How to Stop Losing Money in Sales Negotiations

Written by Jeet Mukherjee

Price setting, as we’ve discussed in other posts, can be challenging, especially when we know that actual prices are determined during the negotiation between the client and the sales rep. To mitigate the difference and make sure you are getting on or above market price, I suggest two things: analyzing your negotiation data and learning how to train sales reps to negotiate. Let me illustrate with a story.

Analyzing Negotiation Data 

In the mid-2000s, I worked for a company in a complex, high-volume environment who needed help managing their price-setting process. I advocated bringing in the price optimization tool Zilliant to help us. But one of the biggest pushbacks from leadership was the argument that because our salespeople negotiated every transaction based on “market pricing,” we didn’t need to invest in a tool to help with pricing. Their perspective was that we should set the price and let the salespeople negotiate to the “right” market levels for that time and moment. 

At first glance, that idea sounded reasonable. But the more I thought about it, the more it did not make sense. How could a sales rep selling 100K+ SKUs know what the market price was? And how were they discerning their pricing discounts?

To answer these questions, I decided to analyze our existing sales negotiation data. Specifically, the categories of products sold, the volume, and the deviation from list price over a period. What I found were clusters of discounts at whole numbers, similar to the illustration below. That was a red flag. Why would market pricing always result in whole numbers? In a business built on basis points, literally every penny counted. This meant we were losing money when we discounted in whole numbers.  

Next, I cut the data by sales rep and looked at their behavior over time for multiple product categories and multiple customers.
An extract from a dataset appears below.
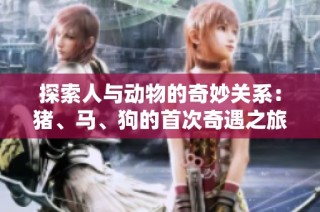 探索人与动物的奇妙关系：猪、马、狗的首次奇遇之旅第1集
What I discovered was over 50% of the sales reps had the same negotiating behavior across multiple product categories. If the sales team exhibited the same behaviors without any regard to the product or offer, then I knew the benefits could be attributed to the Zilliant pilot.

We kept the pilot blind to sales to ensure no abnormal effect on negotiation behaviors. We applied the test on 20% of the business and used the other 80% as the control group. After running optimization on the 20% for 4 weeks, we did a pre vs post comparison and then took the difference of the two groups (20% and 80%) to get the final lift number. 
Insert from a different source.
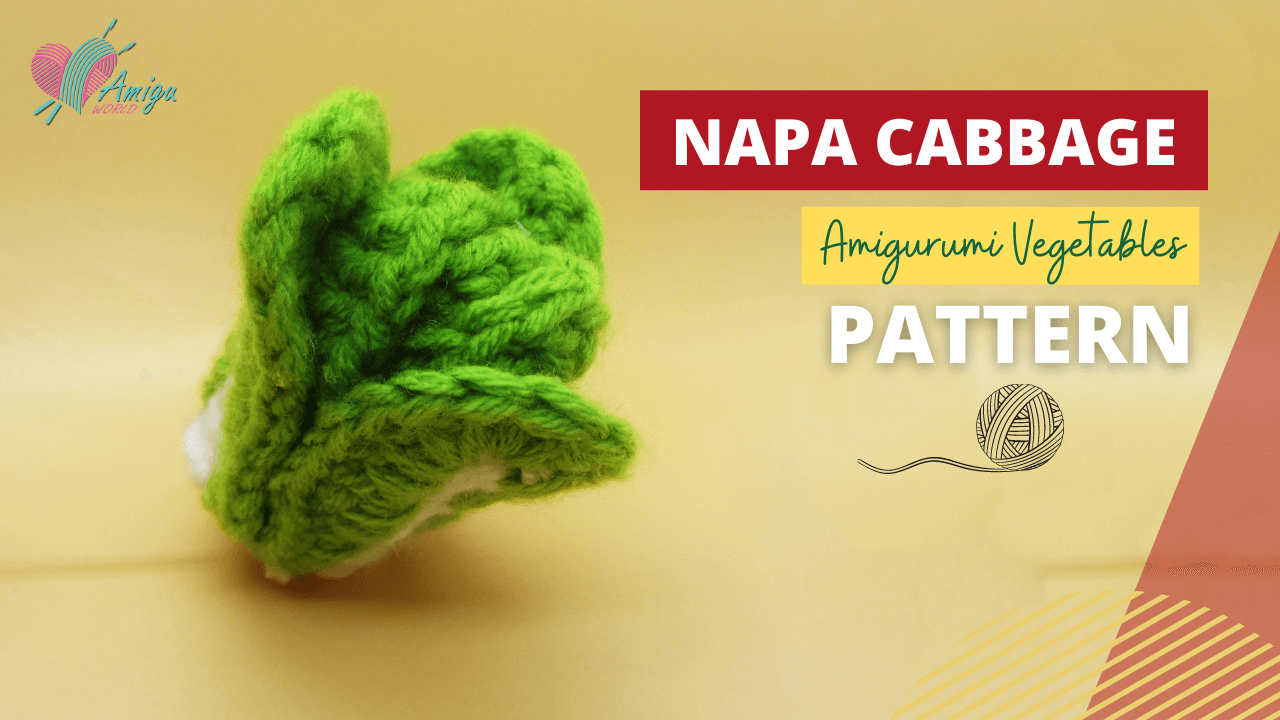 Crochet Napa Cabbage Amigurumi - Free Tutorial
Training Sales Reps How to Negotiate 

Through the pilot, we were able to achieve a swing of 65 basis points in profitability. While a success, I often think back to that time and wonder how much more profitability we could have achieved if we also focused on proper negotiation training.   

Not all negotiations are bad. They can be good indicators of what is happening in the market. For example, there may be an issue with the offer, like poor freight pricing. Or, there could be an issue resulting in longer delivery times that the sales reps are compensating for with discounts. Maybe the pricing is not aligned with the value delivered in certain segments.  

Negotiations could also indicate a potential price war from an undisciplined competitor. We can harvest all these inputs from a negotiation analysis only if the negotiation was market-driven and not a personal behavior. If the sales reps are not trained properly, then the data is too dirty to draw any of these conclusions. When trained properly, the sales reps can understand buyers’ needs and values better and serve them in a more effective way. By understanding their drivers, sales reps can leverage Give-Gets and good-better-best options to properly price according to what the buyer values most.